In the entries below, find the line with "Dans votre profil" and the line with "thumbnail image 1". Print those two and everything between them exactly, and nothing else.

• Material for the task
____________________

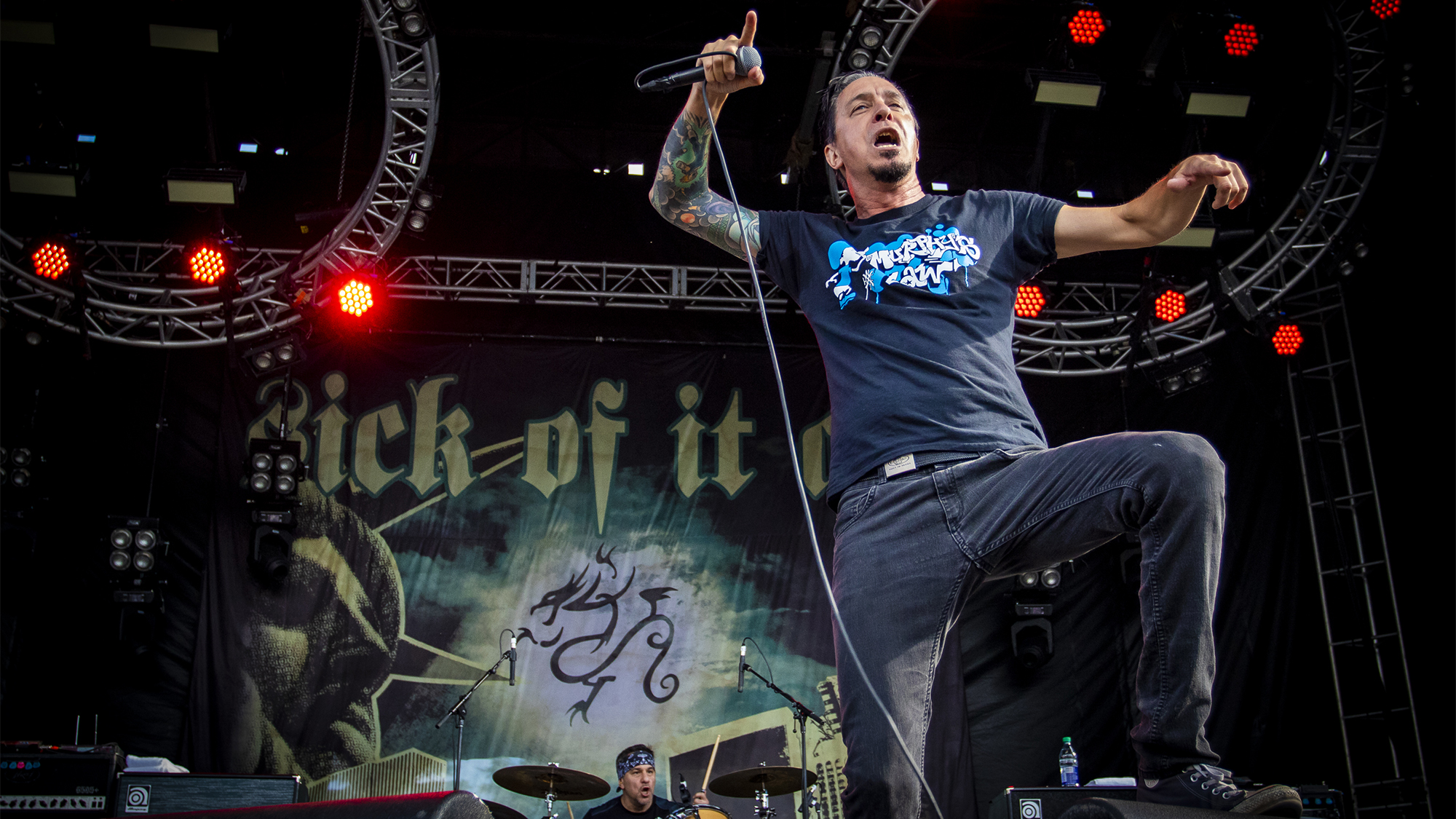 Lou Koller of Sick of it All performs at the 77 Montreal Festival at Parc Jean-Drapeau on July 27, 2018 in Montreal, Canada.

____________________

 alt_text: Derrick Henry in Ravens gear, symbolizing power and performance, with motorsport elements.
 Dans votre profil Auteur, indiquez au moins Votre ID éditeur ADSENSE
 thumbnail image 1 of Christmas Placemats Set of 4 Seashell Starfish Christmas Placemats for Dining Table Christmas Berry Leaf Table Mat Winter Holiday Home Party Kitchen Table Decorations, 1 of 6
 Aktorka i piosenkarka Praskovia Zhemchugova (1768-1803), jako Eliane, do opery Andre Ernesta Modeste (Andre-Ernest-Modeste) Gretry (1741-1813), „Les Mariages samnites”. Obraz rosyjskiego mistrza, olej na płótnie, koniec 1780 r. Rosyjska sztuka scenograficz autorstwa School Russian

____________________

• Output for this exercise
 Dans votre profil Auteur, indiquez au moins Votre ID éditeur ADSENSE
 thumbnail image 1 of Christmas Placemats Set of 4 Seashell Starfish Christmas Placemats for Dining Table Christmas Berry Leaf Table Mat Winter Holiday Home Party Kitchen Table Decorations, 1 of 6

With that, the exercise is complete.